Multithreaded Matrix Multiplication speed

My code uses a lot of batched matrix multiplications of small matricies, but I get no speedup for using more than one thread on a 4 core machine (also tested on a 6 core and a 64 core cluster node)

So I ran a test and found the following (only on the 4 core)

>import timeit
>print(timeit.timeit("a*b",setup="import torch; torch.set_num_threads(1); torch.set_num_interop_threads(1); a=torch.normal(mean=torch.zeros((1000000,2,2)),std=1.0);  b=torch.normal(mean=torch.zeros((1000000,2,2)),std=1.0)",number=10000))
75.0120605

cpu usage was at roughly 23% for python

then I ran the following:

>import timeit
>print(timeit.timeit("a*b",setup="import torch; torch.set_num_threads(4); torch.set_num_interop_threads(4); a=torch.normal(mean=torch.zeros((1000000,2,2)),std=1.0);  b=torch.normal(mean=torch.zeros((1000000,2,2)),std=1.0)",number=10000))
61.3748576

cpu usage was >85% for python and at 100% for the whole system.

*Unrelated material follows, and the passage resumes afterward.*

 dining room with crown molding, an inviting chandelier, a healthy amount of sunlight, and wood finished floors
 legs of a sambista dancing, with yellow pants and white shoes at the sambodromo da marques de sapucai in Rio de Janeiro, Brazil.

I reproduced this with similar results a couple of times and I also tried using different values of threads and interop threads without any improvement.

While this is at least some speedup( which I do not get for my code), this is not what I expected for using 4 cores instead of one.

Is this expected?

I need my code to scale, so that it can use the 64 cores of the cluster node efficiently.
There are some loops that I could manually parallelize, but I would prefer if there was an effiecient way to just run the batched matrix multiplications in parallel.